VARUNA JAYASIRI

@vpj

Shared memory with Node.js

May 13, 2015

This is more like a tutorial on writing a simple node.js add-on to share memory among node.js processes.

One of the limitations of node.js/io.js is that they are single threaded. Only way to use multiple cores in the processor is to run multiple processes1. But then you are working on different memory spaces. So it doesn't help if you want multiple processes working on the same memory block. This is required in memory intensive tasks that cannot be efficiently sharded.

All the source code is available in Github.

Node addon

You need node-gyp installed to build the node module.

npm install node-gyp -g

I think the node.js version matters as the addon api has changed. I was working on node 0.12.2, when I tested this out.

binding.gyp is required by node-gyp to build the addon.

Then comes shm_addon.cpp. This is a very basic addon that has one export createSHM, which creates a shared memory block of 800,000 bytes (attaches if exists) with read & write permission to all users2.

Shared memory is allocated with shmget and attached to the address space of the process with shmat.

shmid = shmget( key, MEM, IPC_CREAT | 0666 );
data = (char *)shmat( shmid, NULL, 0 );

It keeps a pointer to the memory block and returns it if createSHM is called twice by the same node.js program3. createSHM returns an ArrayBuffer, initialized with the pointer to the shared memory.

Local<ArrayBuffer> buffer = ArrayBuffer::New(isolate, (void *)data, MEM);

The node module shm_addon is built with node-gyp with following commands.

node-gyp configure
node-gyp build

The node addon will be created in build/Release/shm_addon.node.

Parent and child programs

This is a simple counting problem to illustrate how shared memory can be used.
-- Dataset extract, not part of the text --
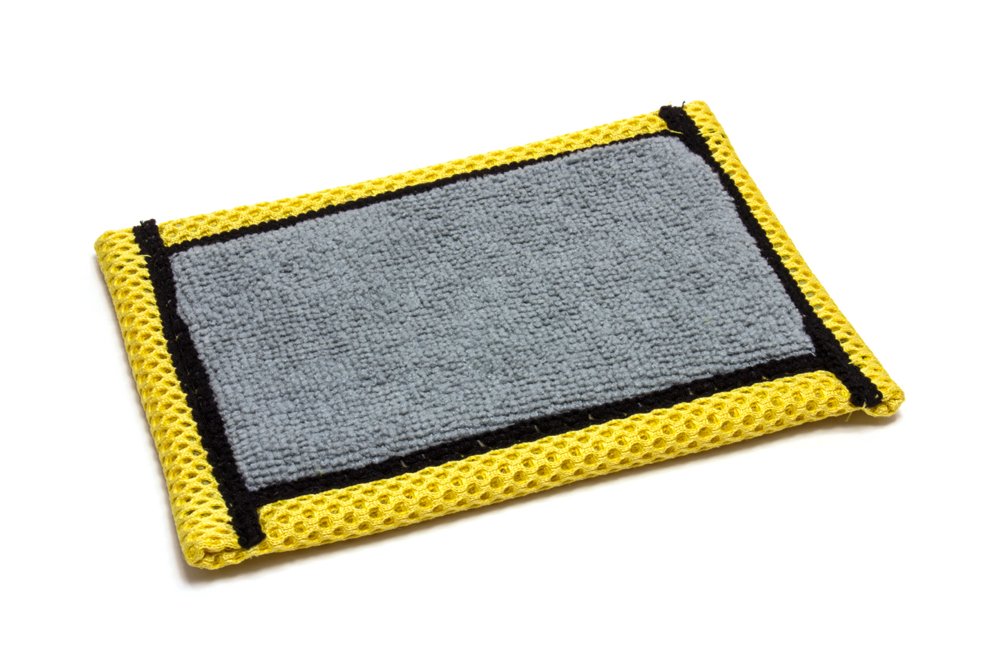 Gąbka do naczyń i kuchni z mikrofibry - 10 cm x 16 cm - Wymienna gąbka do naczyń, odporna na zarysowania, podkładka do szorowania, nadaje się do prania i zmywarki (6, szara i złota)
We will populate the array of 200,000 32-bit integers with the sequence 0,1,2,...998,999,0,1,2,..998,999,0,1,2,.... So there are 200 positions with each integer between 0 and 999. Each of the child programs (workers) will count the number of occurrences of each integer between 0 and 999 by inefficiently traversing the array a 1,000 times.

spawn.coffee is the parent program that starts the child processes. child.coffee is the child program.

Shared memory is attached by parent program and child program by calling the node addon.

shm = require './build/Release/shm_addon'
a = new Int32Array shm.createSHM()

We are calculating the time taken for the child processes to count. Time it takes for processes to get spawn and exit is excluded. Therefore the child processes start counting when they receive something in the standard input. Number of child processes can be set with CHILDREN.

process.stdin.on 'data', (msg) ->
start()

Running coffee spawn.coffee will start processes and do the counting and show the time it took to complete.

You can take a look at shared memory allocated by running command ipcs.

IPC status from <running system> as of Tue Apr 14 13:58:16 IST 2015
T     ID     KEY        MODE       OWNER    GROUP
Shared Memory:
m  65536 0x000019a5 --rw-rw-rw- varunajayasiri    staff
m  65537 0x000019a4 --rw-rw-rw- varunajayasiri    staff
m  65538 0x000019a2 --rw-rw-rw- varunajayasiri    staff

Results

bench.coffee was used to find the time a single process takes to count.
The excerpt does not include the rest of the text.